Given a prime number $\,p\gt2\,$ and a positive integer $\,n\gt1$, let's define the function $$f_n(p)=1+(p-1)^n$$ Of course, if $\,n\,$ is odd the function is divisible by $\,p\,$, while if $\,n\,$ is even the function can produce a prime number. Experimental evidence suggests that this only happens for even values of $\,n\,$ which are powers of $\,2$, that is $\,n=2^k\,$ for some $\,k$.
If we graphically represent the minimum even values of $\,n\,$ for prime numbers up to $\,10^3$, we obtain (in X axis you find the index $\,i\,$ of the $\,i$-th prime, while in Y axis are represented the values of $\,n$):
I ask how the validity of the previous assertion can be demonstrated, that is:
the only values of $\,n\gt1\,$ which can generate prime numbers of the form $\,1+(p-1)^n\,$ with $\,p\gt2\,$ prime, are those of the form $\,2^k\,$ for some $\,k$.
Many thanks.
Your assertion is true. Assume that $n$ is not a power of $2$, so it has some odd factor $d \gt 1$ such that $n = 2^k(d)$. Then you would get
$$1 + (p-1)^{2^k(d)} = 1^d + \left((p-1)^{2^k}\right)^{d} \tag{1}\label{eq1A}$$
However, for odd $d$, note you can use factoring to get
$$\begin{equation}\begin{aligned} x^d + y^d & = (x + y)\left(\sum_{i=0}^{d - 1}(-1)^i x^{d - (i + 1)}y^{i}\right) \\ & = (x + y)(x^{d-1} - x^{d-2}y + \ldots - xy^{d-2} + y^{d-1}) \end{aligned}\end{equation}\tag{2}\label{eq2A}$$
Thus, as you can see, with $x = 1$ and $y = (p - 1)^{2^k}$ in \eqref{eq2A}, you have that \eqref{eq1A} has a factor of $1 + (p - 1)^{2^k}$ in it times an integer $\gt 1$, so it can't be prime.

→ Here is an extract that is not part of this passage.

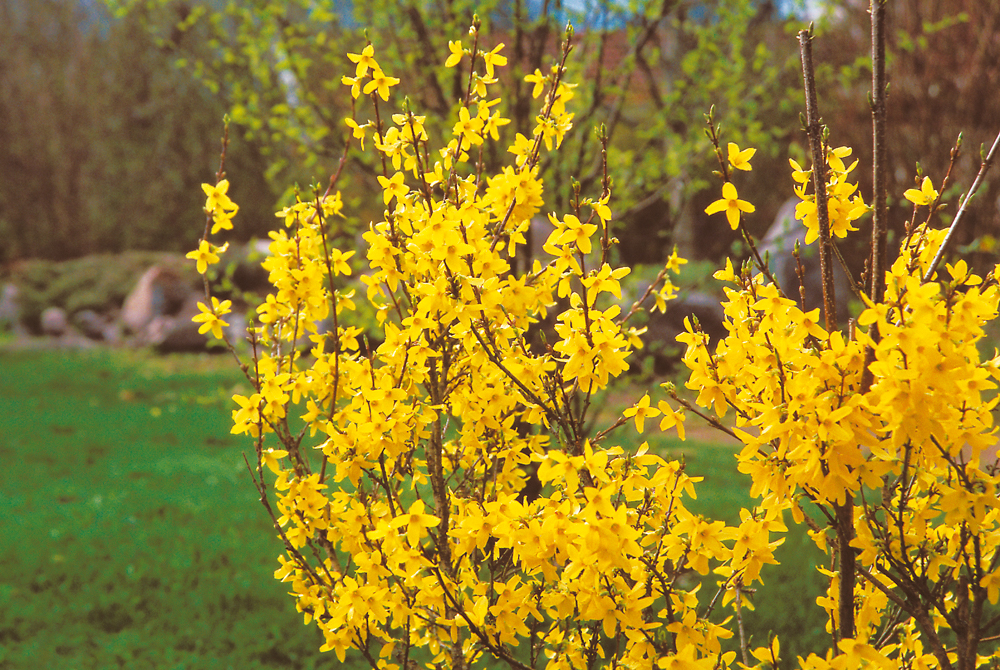 Forsythia x intermedia 'Lynwood' 4,5L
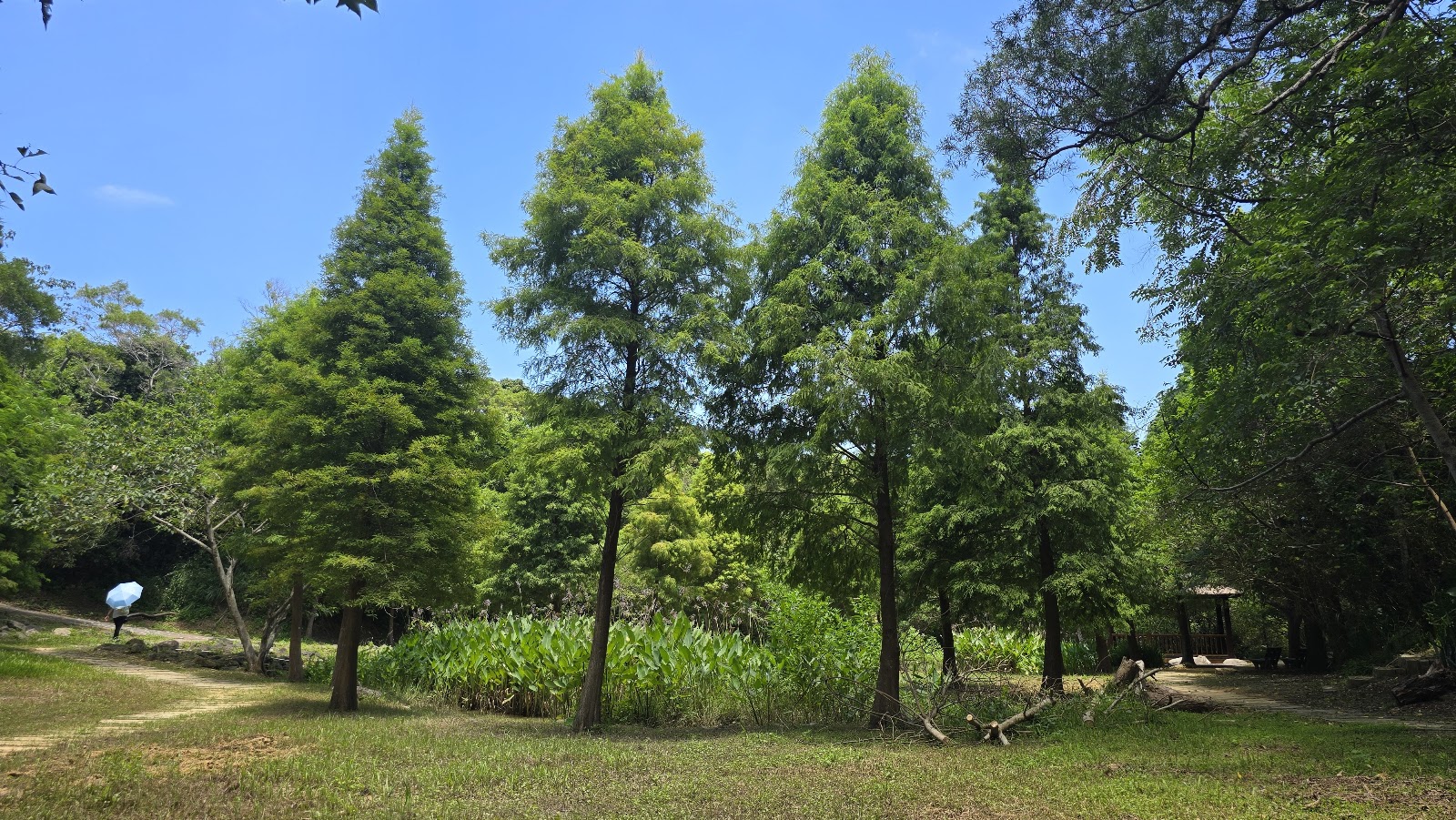 新竹香山青青草原落羽松林間步道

FYI, it's this basic factoring reason which is why the only values of $n$ where $2^n + 1$ could possibly be prime is when $n$ is a power of $2$. Note the numbers of this form are called Fermat numbers, with the only $5$ currently known actual primes among that group being called Fermat primes.